MICHEL, Chief Judge.

Defendants-Appellants the United States and the Viraj Group (“Viraj”) appeal from a final decision of the United States Court of International Trade sustaining the final determination of anti-dumping duties by the Department of Commerce (“Commerce”) against Viraj. Carpenter Tech. Corp. v. United States, No. 02-00448, 2006 WL 1876653 (Ct. Int’l Trade July 7, 2006) (“Carpenter II”). Commerce filed that determination, under protest, to comply with the Court of International Trade’s earlier decision remanding to Commerce and holding that Commerce’s original decision to treat as a single entity, or “collapse,” three companies within the Viraj Group for the purpose of calculating anti-dumping duties was not supported by substantial evidence. Carpenter Tech. Corp. v. United States, 344 F.Supp.2d 750 (Ct. Int’l Trade 2004) (“Carpenter I”). By filing this appeal, Commerce challenges this earlier decision and seeks to have its original determination reinstated. 1 Because we think it is clear that Commerce’s original decision was supported by substantial evidence, we reverse.

I. BACKGROUND

Commerce issued an anti-dumping order against stainless steel wire rods (“SSWR”) from India in 1993. Viraj is a group of Indian companies that produce steel products, some producing SSWR. The three Viraj entities at issue in this case are Viraj Alloys, Ltd. (“VAL”), Viraj Forgings, Ltd. (“VFL”), and Viraj Impoexpo, Ltd. (“VIL”). As Commerce recognized, all three companies are run by the same two *1372 directors, and these directors and their relatives are the principal stockholders. Stainless Steel Wire Rod From India; Preliminary Results of Antidumping Duty Administrative Review, 67 Fed.Reg. 865, 866 (Jan. 8, 2002) (“Preliminary Results”).

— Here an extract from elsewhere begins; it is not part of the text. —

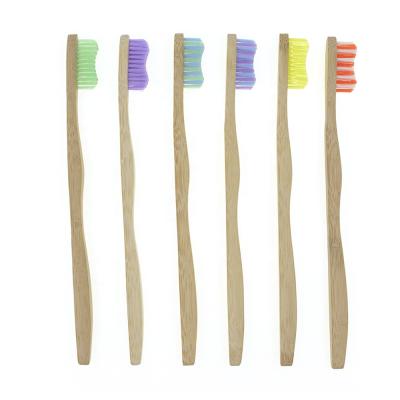 China Home Wholesale OEM Natural Nylon 4 Biodegradable Bamboo Toothbrush for sale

Viraj was first subjected to an administrative review under the SSWR order from December 1997 to November 1998 (“'97-'98 POR”). During that period, VIL was the only one of the three entities that sold SSWR. VAL only produced steel billets, a precursor of SSWR; these steel billets were then sold to VIL, which had them processed by a subcontractor to form SSWR. VIL then exported the SSWR to the United States. 2 Commerce determined that VAL and VIL, while affiliated, should not be collapsed and calculated an anti-dumping duty for VIL individually. This collapsing determination was sustained by the Court of International Trade. Viraj Group, Ltd. v. United States, 162 F.Supp.2d 656, 670-71 (Ct. Int’l Trade 2001).

Commerce next conducted an administrative review of Viraj for the period from December 1999 to November 2000 (“'99-'00 POR”). In its preliminary decision, Commerce determined that VAL, VIL, and VFL were all affiliated and should be collapsed due to changes in the SSWR manufacturing activities of these three entities. During the '99-'00 POR, VAL continued to produce and sell steel billets, but it also had a subcontractor process some of its billets into SSWR, which it then sold in its home market (i.e., India) directly. Preliminary Results at 866. VIL continued to purchase steel billets from VAL and have them processed into SSWR by a subcontractor. Id. at 866-67. And VFL also began purchasing billets from VAL during the '99-'00 POR and had a subcontractor process them into SSWR. Id. All three Viraj entities utilized the same subcontractor for SSWR production, though each under its own contract with the subcontractor. Id. Based on these changes since the '97-'98 POR, Commerce preliminarily determined that VAL, VIL, and VFL should be collapsed. Despite objection by domestic interests, Commerce continued to collapse these three entities in its final determination for the '99-'00 POR.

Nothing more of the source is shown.